Debt Ceiling delight

“We all think we’re going to get out of debt.”
-Louie Anderson (comedian)

European debt. Greek debt. Italian debt. Irish debt. Portuguese debt. Spanish debt. And of course, good ol’ USA debt. Debt, debt, debt. One can’t turn on the tv or check for news on the web without being pummeled about the world’s debts. The stock market gets whipsawed whenever government debts bubble up to headline level. Yes, it’s bad. The public debt loads of many industrialized countries already exceed 100% of their economies’ GDP (Gross Domestic Product) – Japan is at something like 220%, Italy’s at 120%, here in the US it’s 60-80%, depending on whom you ask. The greater problem of course, is not the debt level itself, but the rate at which it is growing. Pretty soon, Uncle Sam will be getting a cash advance on his Visa to make the payment on his MasterCard. If you’ve ever seen this happen to someone you know the end result is not pretty.

I’d like to believe that our elected representatives are not dumb enough to ride their “principles” over the Cliffs of Default, but we’re in uncharted territory with 25% of the House Republicans having signed up as members of the Tea Party Caucus. The bottom line effect of default would be much higher interest rates paid by the government on future borrowing. Not to mention the severe haircuts on the value of existing bonds. These higher rates would have a ripple effect through the US economy and impact all economic activity: higher mortgage rates, higher auto loan rates, higher credit card rates, higher business loan rates and on and on.

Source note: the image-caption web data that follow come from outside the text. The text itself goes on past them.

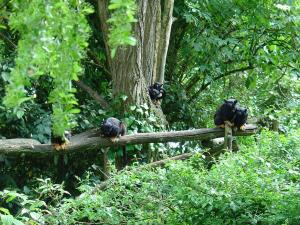 Tamarin à mains rousses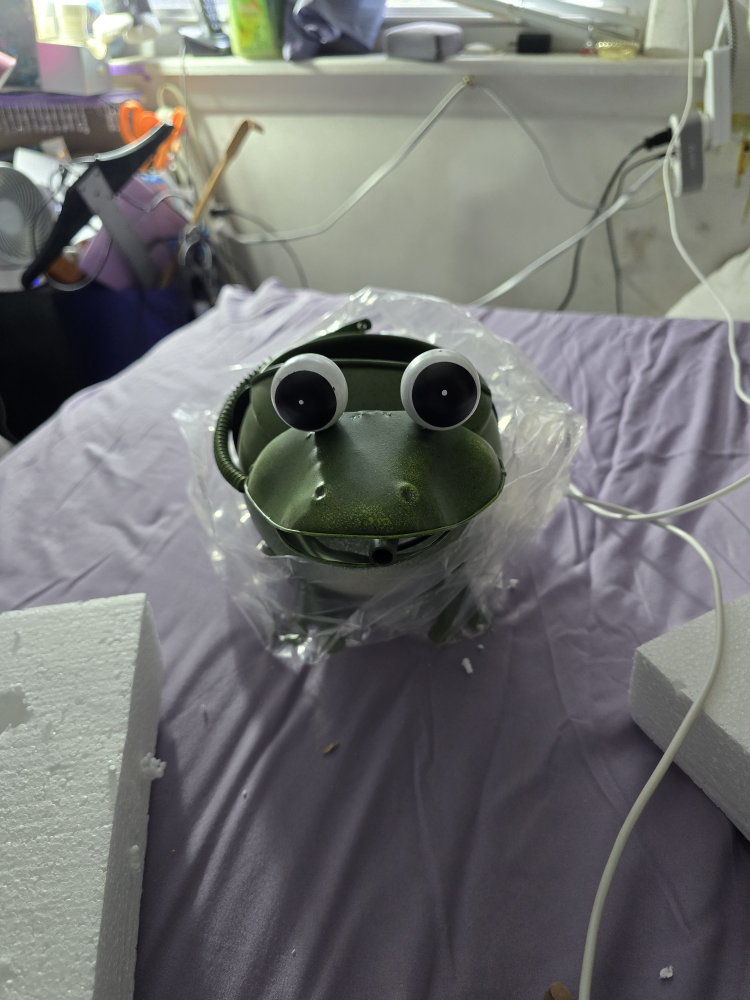 Metal Frog watering can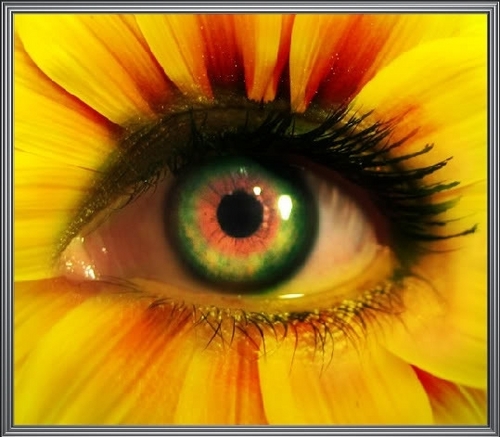  꽃 eyes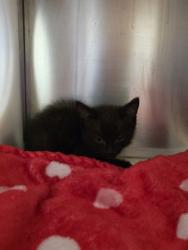 Shelter Stray Male Cat last seen Near Hillcrest St, 75149, TX, 1650 Gross Rd, Mesquite, TX 75149, USA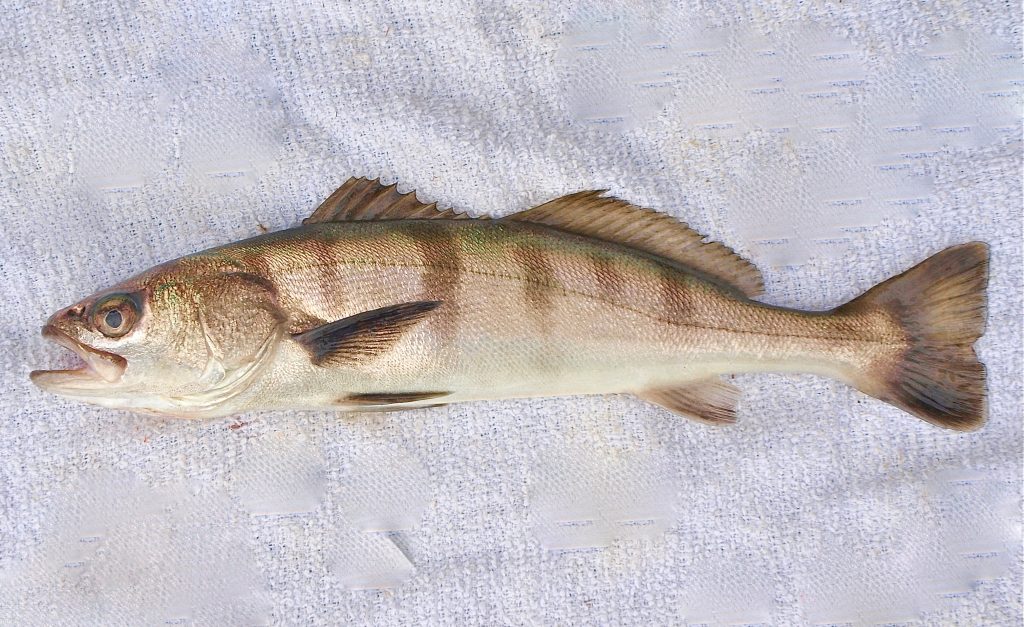 White Seabass Pier Fishing in California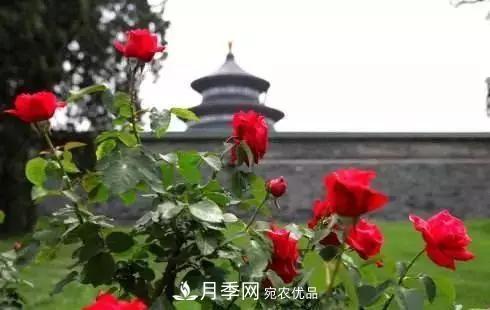 她潛心研究月季，帶領(lǐng)中國月季走向世界，被稱為“月季夫人”(圖5)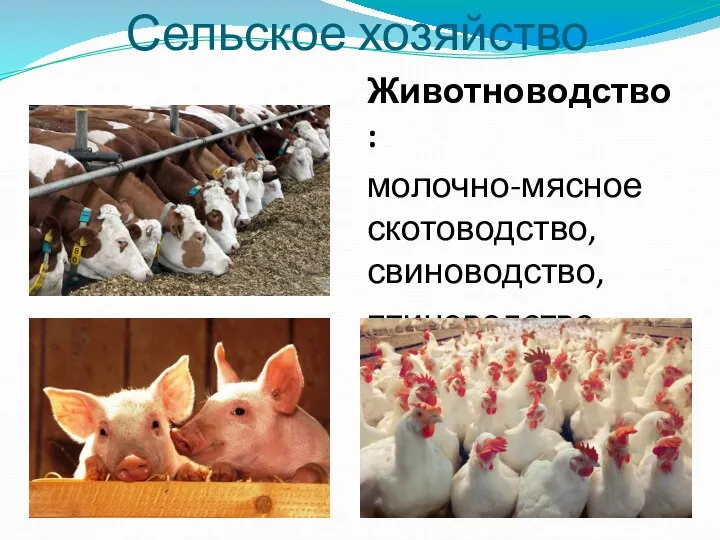Сельское хозяйство Животноводство: молочно-мясное скотоводство, свиноводство, птицеводство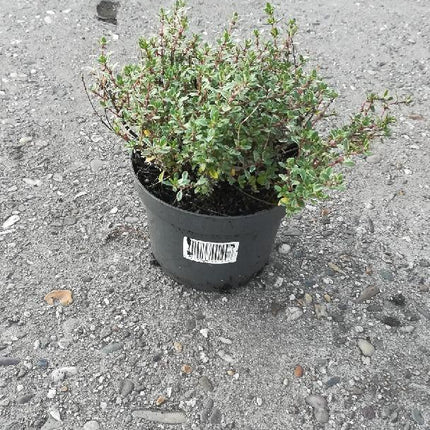 Thymus citriodorus - Citroentijm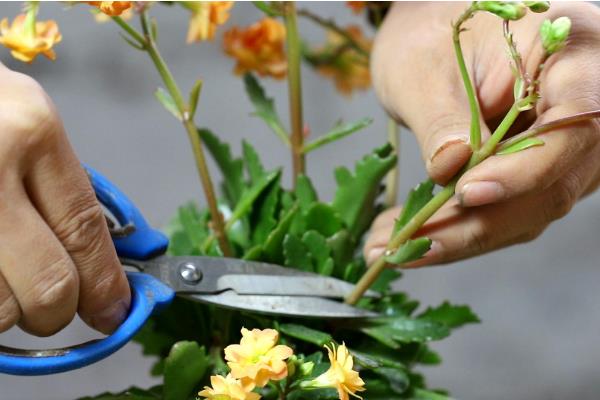 长寿花的修剪方法，可以在5月和9月进行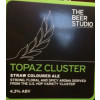 The Beer Studio Topaz Cluster
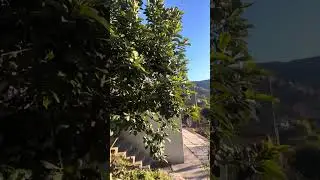 how to grow avacada fruit plants 4 year in mandi ktindi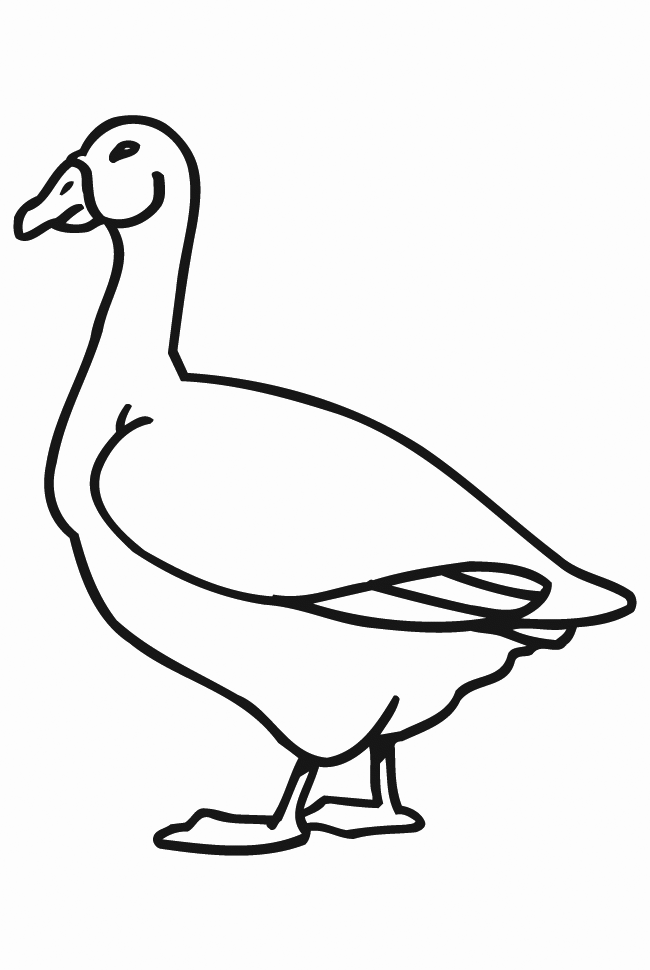 45 Goose Coloring Page 29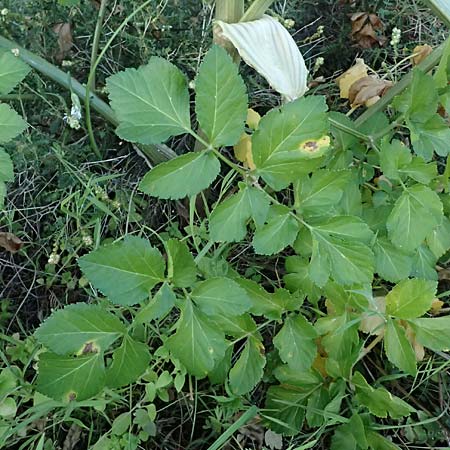 Smyrnium olusatrum \ Gespenst-Gelbdolde, Pferde-Eppich / Alexanders, Zypern/Cyprus Skarfou Bridge 20.3.2025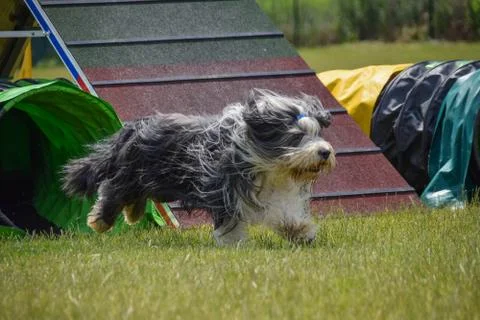 Bearded Collie agility intensive training Stock Photos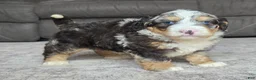 Mini Bernedoodle dogs for sale: Mini Archie  - Ad 4
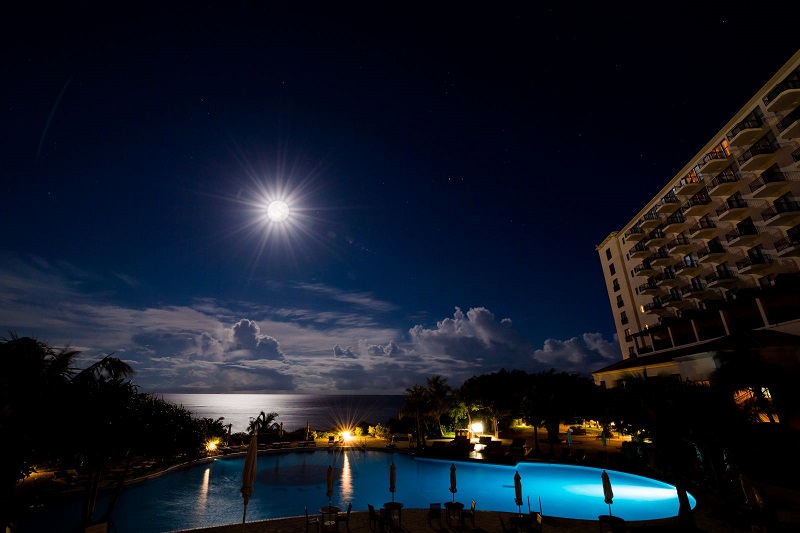 ホテル日航アリビラ、夜行性の海の生き物を観察するナイトリーフトレイル「イジャイ」開催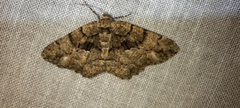 Peribatodes ilicaria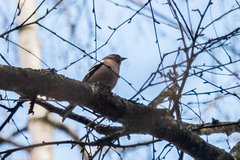 Fringilla coelebs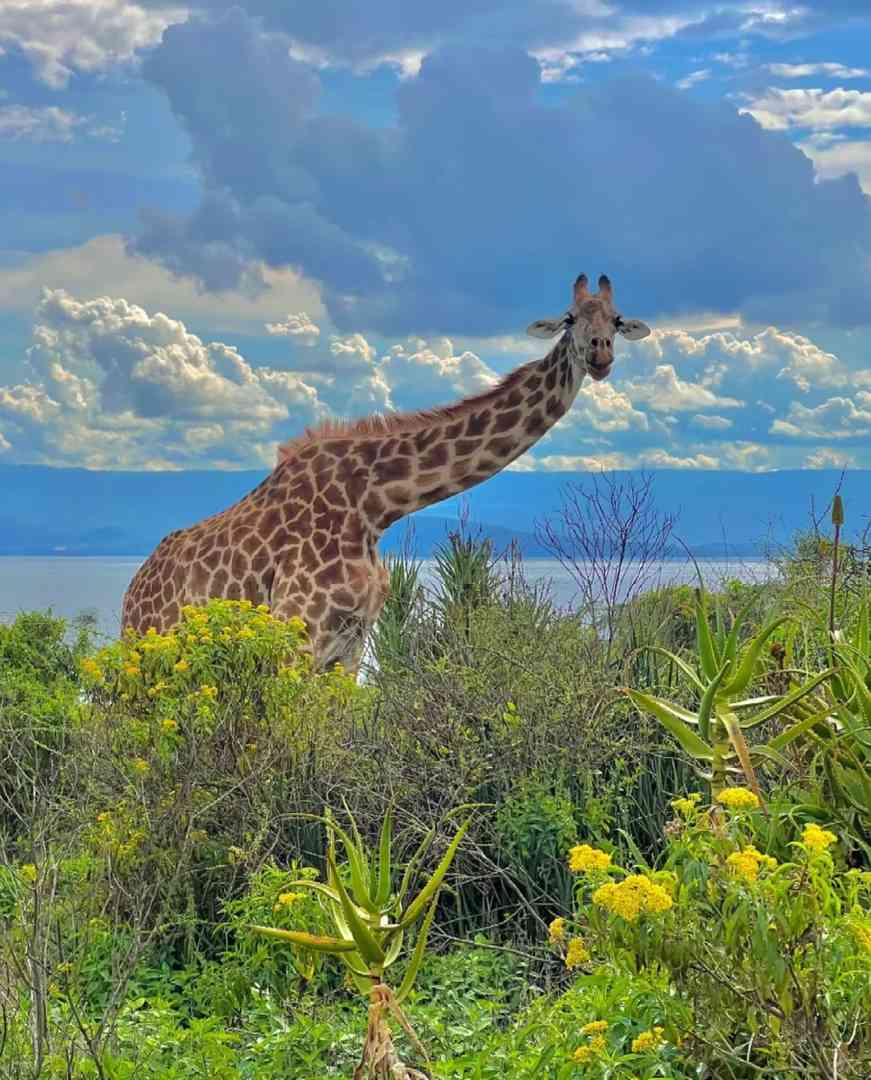 Climbing Kilimanjaro: A Detailed Travel Guide for First-Timers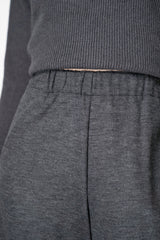 Fabiana Filippi Boiled Wool Wide Cropped Pants With Filo Diamante Loop in Grey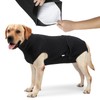 HEYWEAN Full Body Dog Diaper with a Puppy Nappies Physiological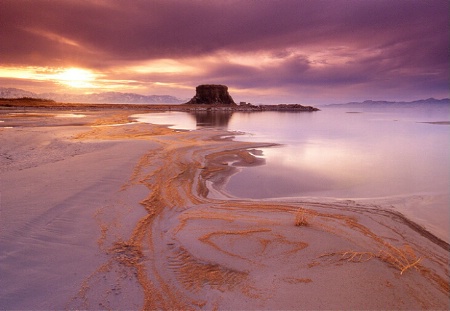 A walk on the shore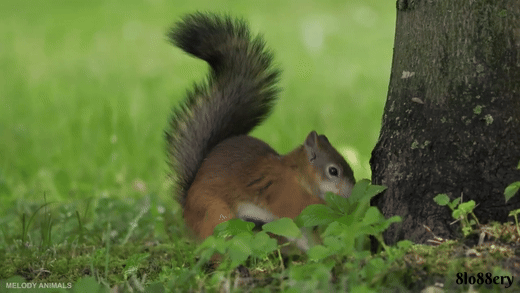 Beautiful Autumn Friendship 🐾 Baby Animals’ Cutest Moments in Stunning 4K UHD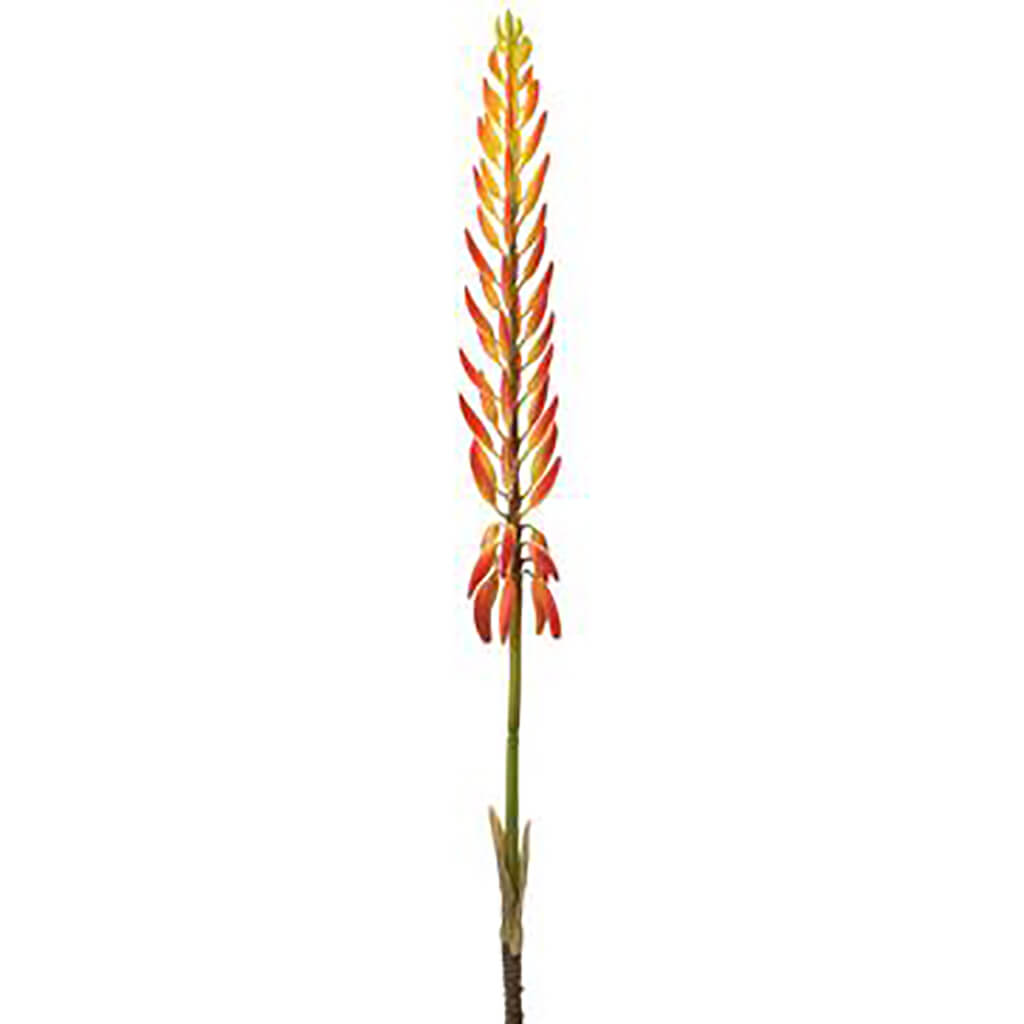 Agave Flower Spray 28in Two tone Orange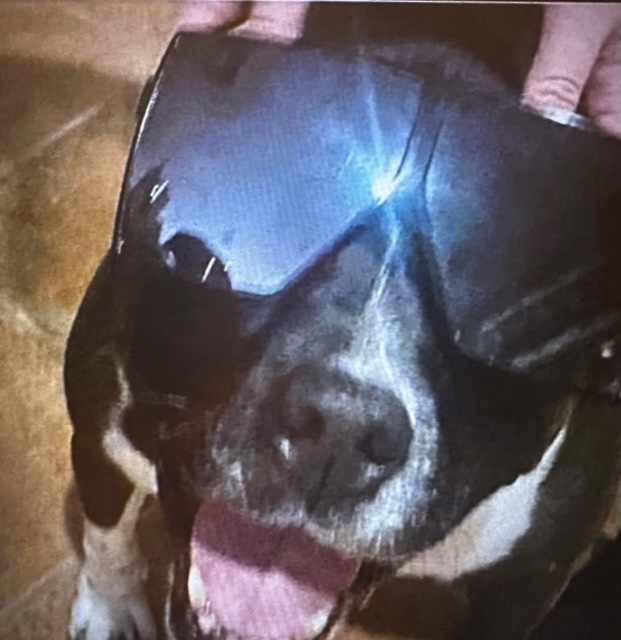 Enlarge Scarlett, a Adoptable Mixed Breed in LEHIGH ACRES, FL image 11/12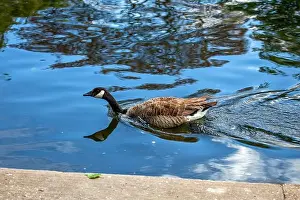 Branta Canadensis Prints: Large Canada Goose with a black head and white neck patch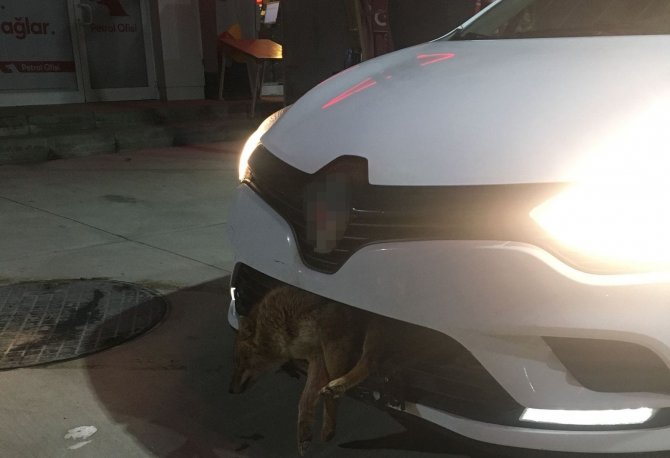 Otomobilin Tamponuna Çakal Saplandı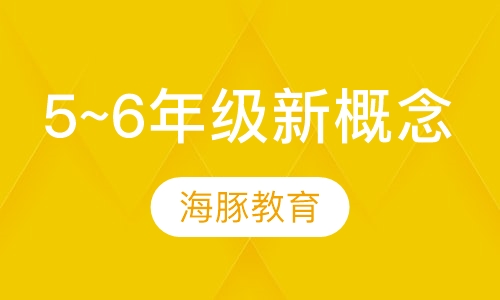 小学5~6年级新概念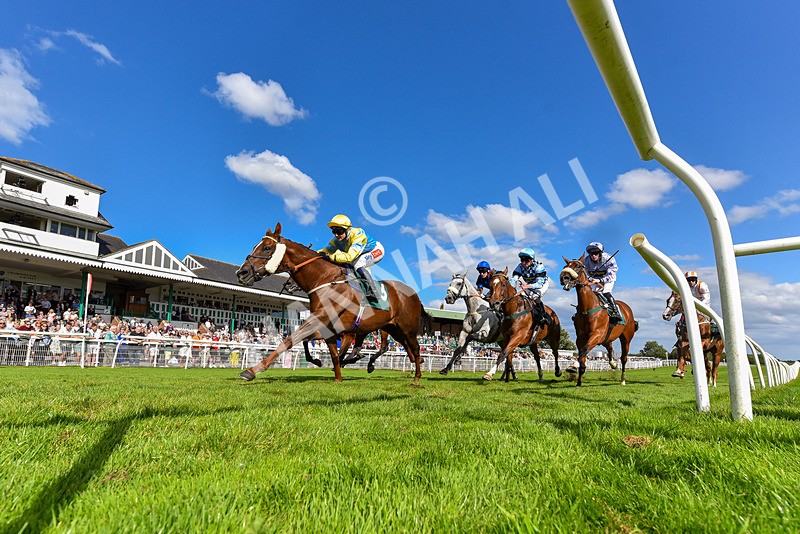 060824-Race 5-Jamih-2-2 - Race 5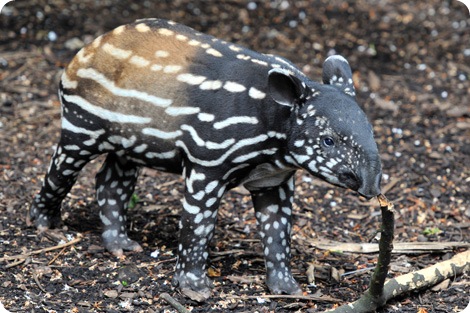 В зоопарке Эдинбурга родился тапир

Forcing default for the sake of “principles” is a bad idea and I hope cooler heads prevail.

Inflation Watch

The price of oil has dropped significantly since last quarter and currently hovers around $97 per barrel for West Texas Intermediate (WTI). The price of gas at the pump has come down quite a ways as well. The Federal Reserve continues to hold their overnight rate at near 0. Inflation is creeping up though – the “all items” CPI for the 12 months ending June 30 was +3.6% - expect to see price increases at the grocery store.